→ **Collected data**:
########

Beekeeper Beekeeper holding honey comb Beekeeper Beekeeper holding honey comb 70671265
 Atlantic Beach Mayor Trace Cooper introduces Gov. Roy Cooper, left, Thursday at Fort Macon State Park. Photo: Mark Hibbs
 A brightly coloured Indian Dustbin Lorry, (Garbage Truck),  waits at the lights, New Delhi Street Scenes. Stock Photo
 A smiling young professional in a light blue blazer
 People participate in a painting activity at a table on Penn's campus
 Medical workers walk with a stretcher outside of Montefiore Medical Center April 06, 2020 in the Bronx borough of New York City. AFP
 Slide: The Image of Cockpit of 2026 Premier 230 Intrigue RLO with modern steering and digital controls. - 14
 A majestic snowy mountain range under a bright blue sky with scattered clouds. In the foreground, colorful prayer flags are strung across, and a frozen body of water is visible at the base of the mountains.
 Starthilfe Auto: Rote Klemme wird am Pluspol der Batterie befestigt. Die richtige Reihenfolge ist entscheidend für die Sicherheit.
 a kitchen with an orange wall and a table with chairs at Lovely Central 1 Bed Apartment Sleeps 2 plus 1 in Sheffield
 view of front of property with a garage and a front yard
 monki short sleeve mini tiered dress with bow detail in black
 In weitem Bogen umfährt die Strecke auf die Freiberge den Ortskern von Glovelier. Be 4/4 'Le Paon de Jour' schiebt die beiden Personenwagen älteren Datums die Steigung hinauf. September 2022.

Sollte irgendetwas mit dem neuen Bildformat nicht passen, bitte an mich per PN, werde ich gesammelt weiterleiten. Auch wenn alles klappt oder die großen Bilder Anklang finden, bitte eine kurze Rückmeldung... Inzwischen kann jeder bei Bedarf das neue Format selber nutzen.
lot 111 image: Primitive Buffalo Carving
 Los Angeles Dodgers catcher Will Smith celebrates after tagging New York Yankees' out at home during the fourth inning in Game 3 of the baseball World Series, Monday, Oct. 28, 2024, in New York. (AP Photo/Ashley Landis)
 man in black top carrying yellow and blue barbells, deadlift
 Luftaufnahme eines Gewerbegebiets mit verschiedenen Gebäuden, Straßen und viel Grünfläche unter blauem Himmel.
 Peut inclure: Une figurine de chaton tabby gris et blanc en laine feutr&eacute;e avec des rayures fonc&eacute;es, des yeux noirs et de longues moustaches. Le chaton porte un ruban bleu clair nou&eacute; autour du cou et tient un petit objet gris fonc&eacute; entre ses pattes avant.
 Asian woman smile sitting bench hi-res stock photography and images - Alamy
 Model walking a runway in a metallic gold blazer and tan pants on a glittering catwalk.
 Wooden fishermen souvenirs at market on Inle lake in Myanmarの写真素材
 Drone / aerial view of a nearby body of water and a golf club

########

→ **Aim of the exercise**:
Find the line that contains "Starthilfe Auto: Rote" in the data above. Reproduce it and every later line exactly, through the last one.

→ **Written solution**:
 Starthilfe Auto: Rote Klemme wird am Pluspol der Batterie befestigt. Die richtige Reihenfolge ist entscheidend für die Sicherheit.
 a kitchen with an orange wall and a table with chairs at Lovely Central 1 Bed Apartment Sleeps 2 plus 1 in Sheffield
 view of front of property with a garage and a front yard
 monki short sleeve mini tiered dress with bow detail in black
 In weitem Bogen umfährt die Strecke auf die Freiberge den Ortskern von Glovelier. Be 4/4 'Le Paon de Jour' schiebt die beiden Personenwagen älteren Datums die Steigung hinauf. September 2022.

Sollte irgendetwas mit dem neuen Bildformat nicht passen, bitte an mich per PN, werde ich gesammelt weiterleiten. Auch wenn alles klappt oder die großen Bilder Anklang finden, bitte eine kurze Rückmeldung... Inzwischen kann jeder bei Bedarf das neue Format selber nutzen.
lot 111 image: Primitive Buffalo Carving
 Los Angeles Dodgers catcher Will Smith celebrates after tagging New York Yankees' out at home during the fourth inning in Game 3 of the baseball World Series, Monday, Oct. 28, 2024, in New York. (AP Photo/Ashley Landis)
 man in black top carrying yellow and blue barbells, deadlift
 Luftaufnahme eines Gewerbegebiets mit verschiedenen Gebäuden, Straßen und viel Grünfläche unter blauem Himmel.
 Peut inclure: Une figurine de chaton tabby gris et blanc en laine feutr&eacute;e avec des rayures fonc&eacute;es, des yeux noirs et de longues moustaches. Le chaton porte un ruban bleu clair nou&eacute; autour du cou et tient un petit objet gris fonc&eacute; entre ses pattes avant.
 Asian woman smile sitting bench hi-res stock photography and images - Alamy
 Model walking a runway in a metallic gold blazer and tan pants on a glittering catwalk.
 Wooden fishermen souvenirs at market on Inle lake in Myanmarの写真素材
 Drone / aerial view of a nearby body of water and a golf club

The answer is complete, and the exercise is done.